En pratique, deux postures sont possibles :

  • Posture 1 : continuer comme avant en se référant à la doctrine fiscale toujours en vigueur. Jusqu’à la publication du BOFIP, les aménageurs (publics et privés) et les Établissements Publics Fonciers qui cèdent des terrains à bâtir peuvent continuer à le faire en TVA sur marge dès lors que le terrain n’a pas changé d’identité (en pratique, il a été acheté un terrain et il est vendu un terrain) et qu’aucune TVA n’a été appliquée lors de l’acquisition. Si le compromis est signé avant la date de publication du BOFIP, le régime de TVA sur marge pourra s’appliquer. Il est recommandé de donner une date certaine aux avants contrats en les inscrivant dans les minutes du notaire. À compter de la publication du BOFIP, et sauf à pouvoir justifier d’une TVA rémanente non récupérée par le vendeur précédent, l’application de la TVA sur prix total devra être quasiment systématique.
  • Posture 2 : systématiser le régime de TVA sur prix total. En se référant à la jurisprudence récente, il est possible de céder les terrains à bâtir en TVA sur prix total.
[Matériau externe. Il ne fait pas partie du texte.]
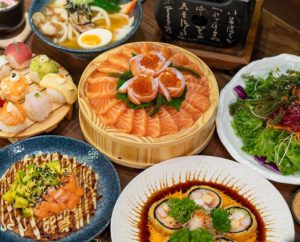 Nhà hàng Nhật Quận 2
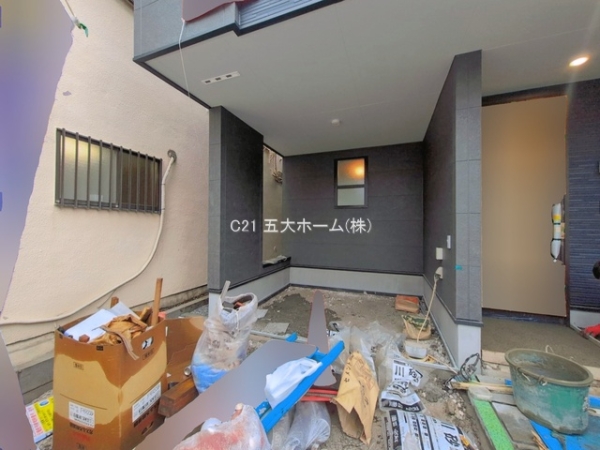 江戸川区南小岩４丁目の新築一戸建
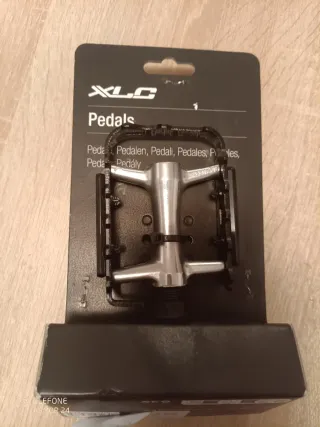Pedales XLC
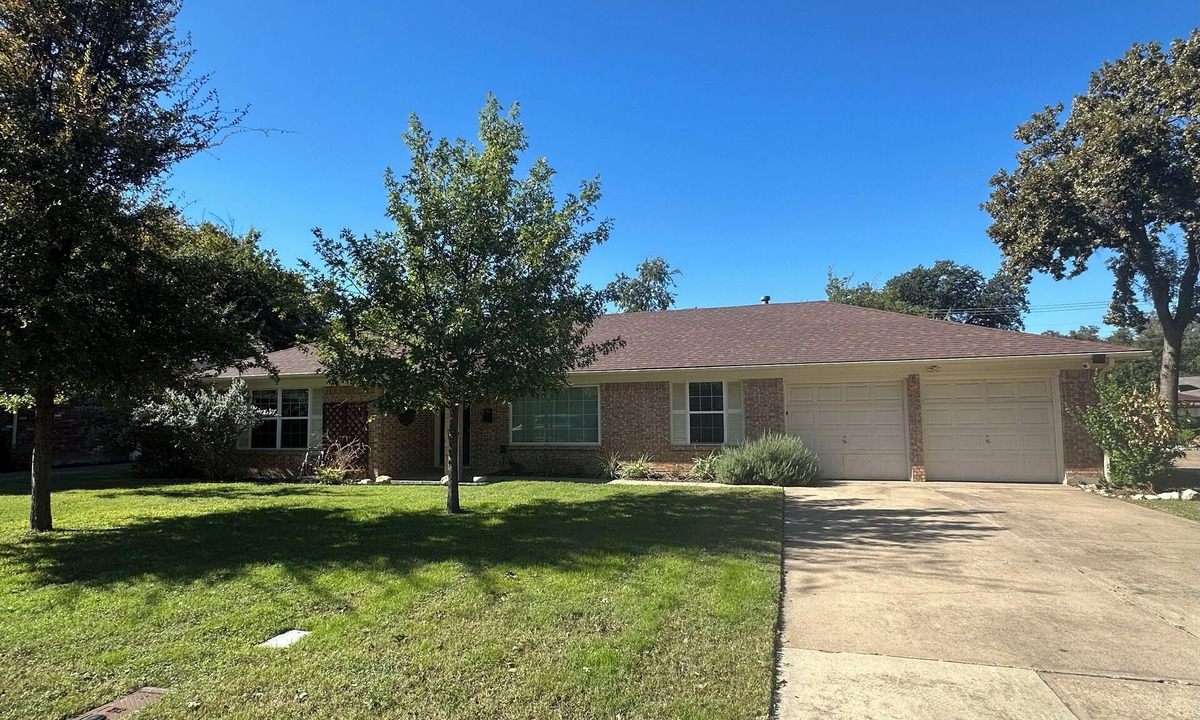 Fort Worth House | Feeling like home at central Fort Worth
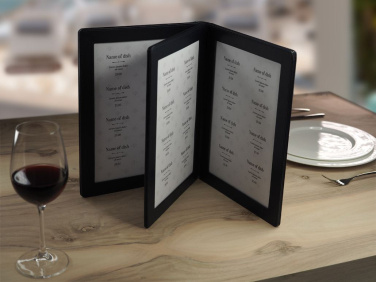 Logotrade promotional product picture of: Menu cover 1065119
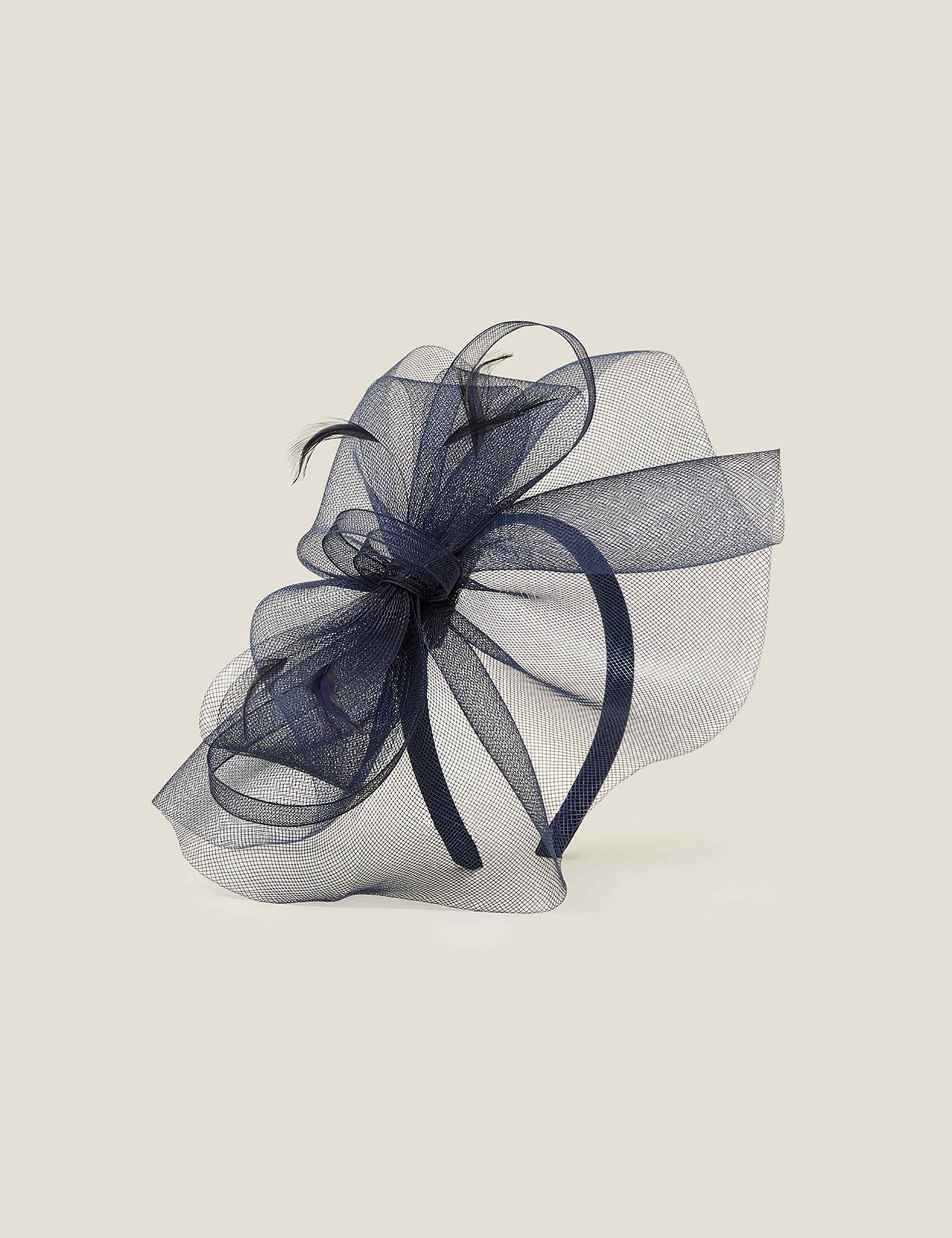 Bow Fascinator 2 of 3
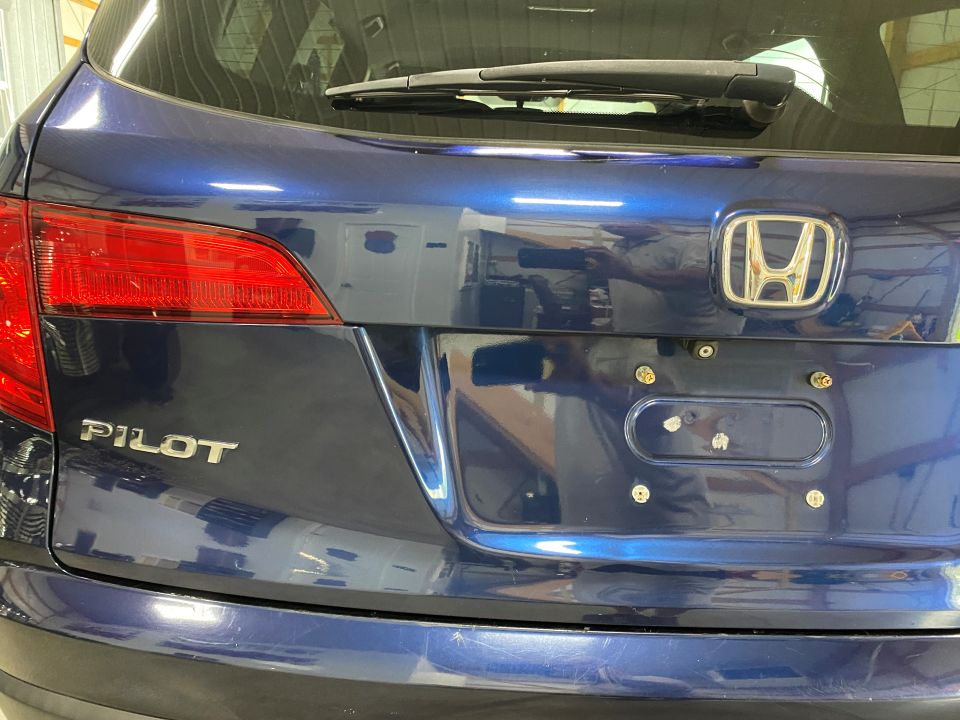 2017 Honda Pilot EX-L AWD 3rd row Sport Utility ⭐PENDING SALE⭐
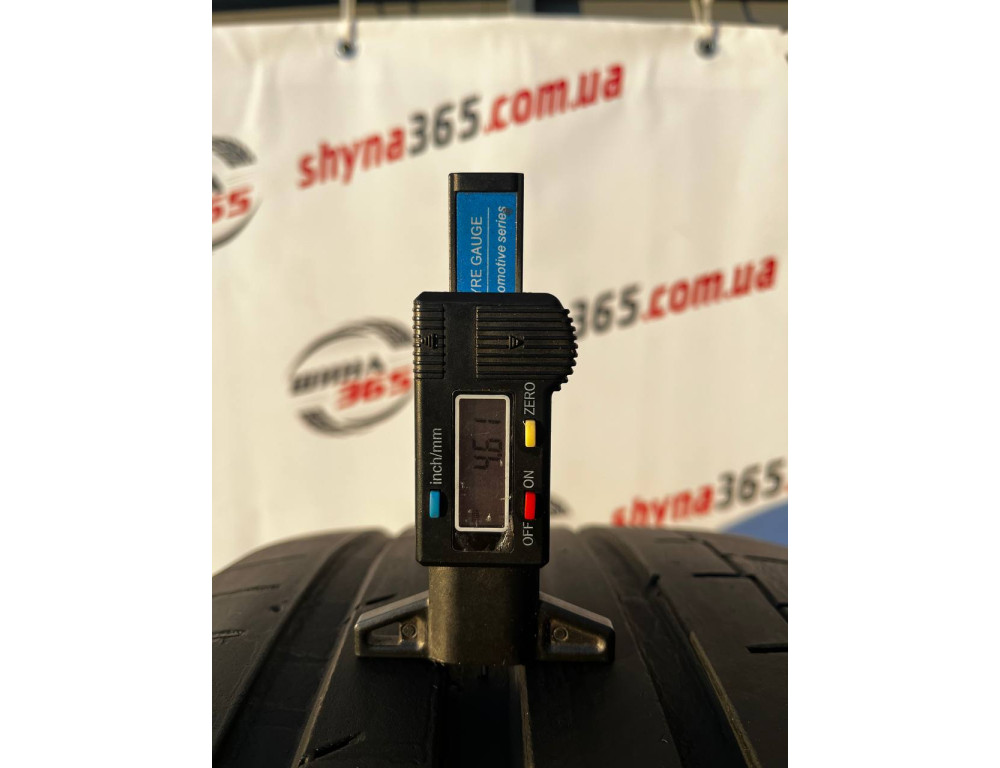 255/45 R19 CONTINENTAL SPORTCONTACT 6 4mm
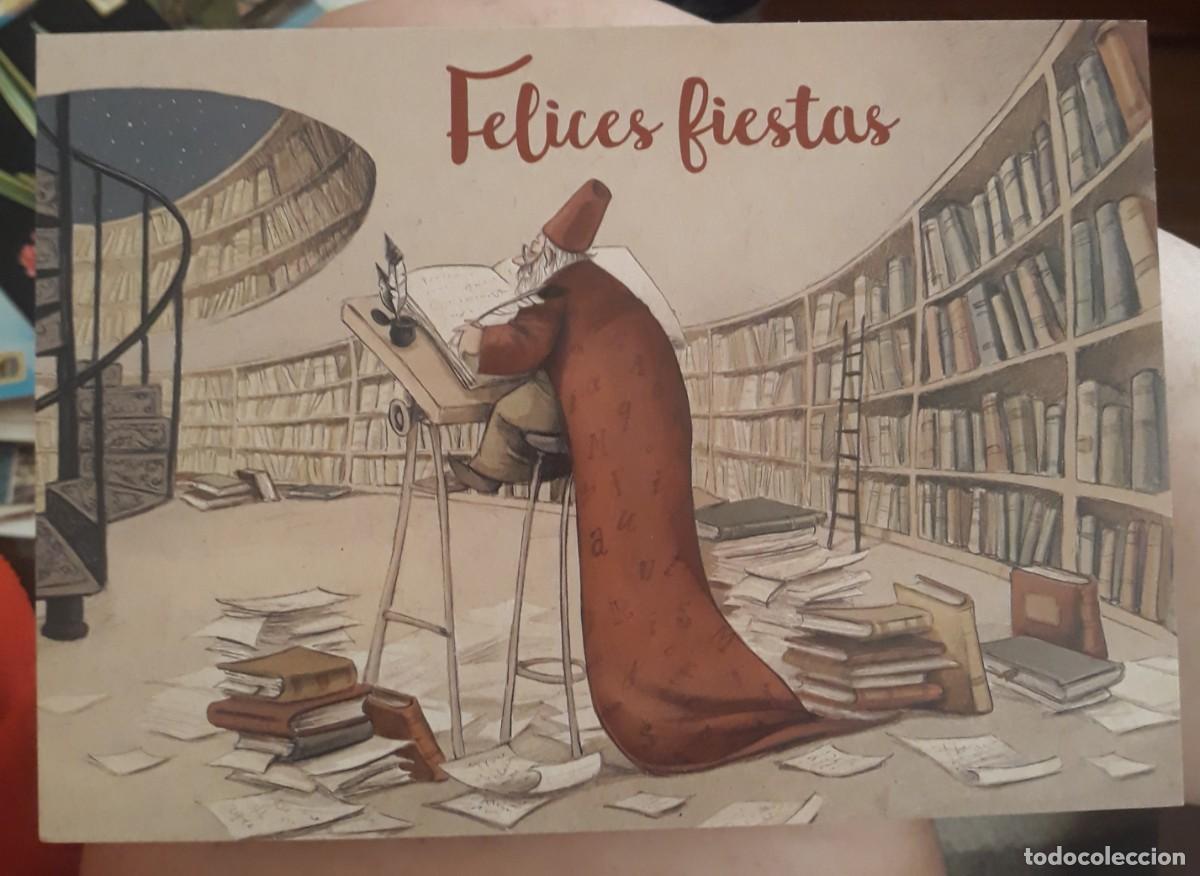 Postcards: -84946 POSTAL FELICES FIESTAS, ALGAR, ILUSTRADOR SUBI,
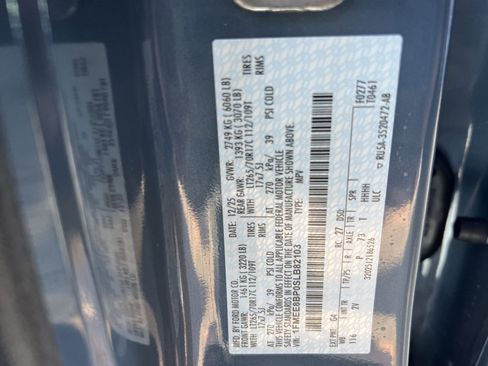 New 2025 Ford Bronco Outer Banks image 30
Si l’aménageur cède à des entreprises ou promoteurs (qui vont pouvoir récupérer la TVA), cette solution est fiscalement neutre pour l’acheteur et elle est beaucoup plus simple et sécurisée pour le vendeur (l’application de la TVA sur marge et la détermination de l’assiette peuvent, en effet, être assez complexes à appréhender et sources de discussions avec l’administration fiscale en cas de contrôle).

Pour bénéficier du régime de TVA sur marge, je dois pouvoir démontrer que le prix du bien « incorpore » un montant de TVA acquittée en amont qui n’a pas pu être récupéré :

  • soit que j’avais payée moi-même quand j’avais acheté (et que je n’ai pas pu déduire) ;
  • soit, à défaut, que le vendeur précédent avait acquittée à l’étape précédente, même si notre transaction n’y avait pas été soumise (par exemple parce qu’entretemps mon vendeur avait perdu la qualité d’assujetti).

Cette situation est, en pratique, très rare. En effet, il ne devrait concerner que les ventes de terrains achetés à des particuliers qui n’auraient pas pu récupérer la TVA lors de l’acquisition. Or, pendant très longtemps, les opérations d’acquisition de terrain pour les particuliers n’étaient pas soumises à TVA.